Kamis, 21 Agustus 2008

Ekonomi Moral




Pendekatan ekonomi-moral menganggap hancurnya institusi desa dan ikatan patron-klien –yang menopang kebutuhan subsisten petani– dan tergusurnya “etika subsistensi” dari komunitas pedesaan sebagai faktor penyebab munculnya perlawanan petani. Pendekatan ini berangkat dari dalil, bahwa dalam komunitas pedesaan tradisional (masyarakat pra-kapitalis) atau para petani selalu berusaha menyediakan jaminan penghidupan melalui aturan-aturan “meminimalkan resiko” berdasarkan prinsip “utamakan keselamatan” (safety first) (Salemink, 2004:264).

Mengacu pada dalil itu, penganut pendekatan ekonomi-moral percaya, bahwa kehendak petani untuk menyediakan jaminan bagi anggota komunitasnya dikendalikan oleh jagad moral –yakni “hasrat untuk selalu berbuat baik”– yang tertanam dalam pandangan hidup mereka. Manusia yang bermoral adalah “believers” atau orang-orang beriman, yang tindakan-tindakannya selalu dibimbing oleh “ide tentang benar dan salah” (Ahimsa-Putra, 2003:29). Prinsip moral tersebut dipelajari, dipahami, dan diterapkan dalam kehidupan melalui proses pembudayaan secara terus-menerus dan diwariskan secara turun-temurun dari generasi ke generasi. Di sini yang menjadi alat kontrol atas tingkah laku seseorang di dalam komunitas adalah ukuran “baik dan buruk” berdasarkan sistem nilai (budaya) yang dianut oleh masyarakat. Ukuran baik dan buruk tersebut mengacu pada kaidah yang mengatur tentang “siapa mendapatkan apa”, dan “siapa memberi apa” di dalam komunitas desa.

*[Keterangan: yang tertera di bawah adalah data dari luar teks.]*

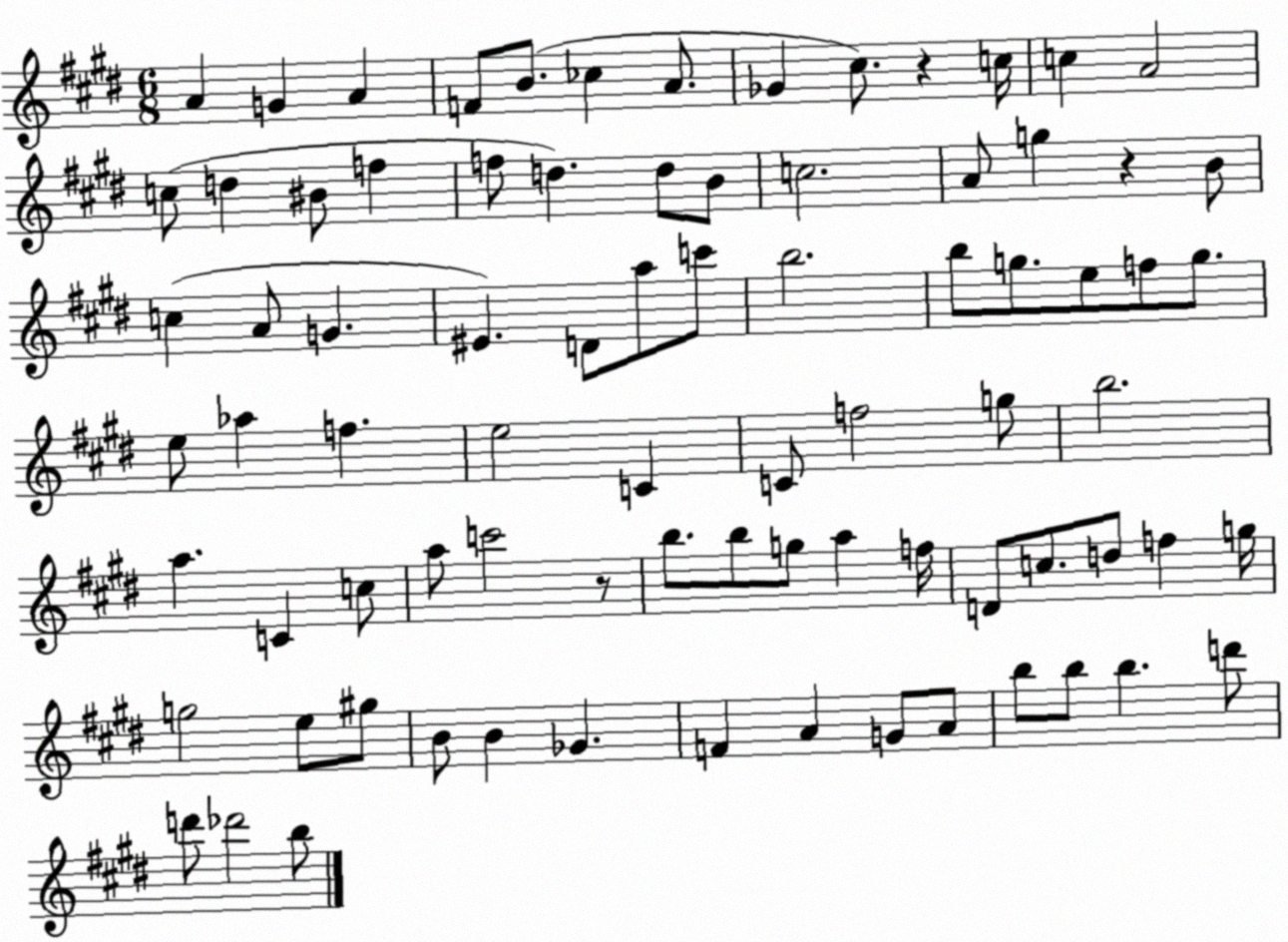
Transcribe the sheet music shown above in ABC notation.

Pendekatan ekonomi-moral menunjuk “desa” dan “ikatan patron-klien” sebagai dua institusi kunci yang berperan dalam menjamin terpenuhinya kebutuhan-kebutuhan anggota komunitas. Fungsi operasional desa adalah menjamin suatu ‘pendapatan minimum’, dan meratakan kesempatan serta resiko hidup warganya dengan jalan memaksimumkan keamanan dan meminimalkan resiko warganya. Dalam fungsinya itu desa merapkan aturan dan prosedur bagi terciptanya sebuah kondisi di mana warga desa yang miskin (siapa medapatkan apa) akan tetap memperoleh jaminan pemenuhan kebutuhan subsisten minimum dengan cara menciptakan mekanisme kedermawanan dan bantuan dari warga desa yang kaya (siapa memberi apa). Desa akan memberikan jaminan kebutuhan subsisten minimum kepada seluruh warga desa sejauh sumber-sumber kehidupan yang dimiliki desa memungkinkan untuk itu.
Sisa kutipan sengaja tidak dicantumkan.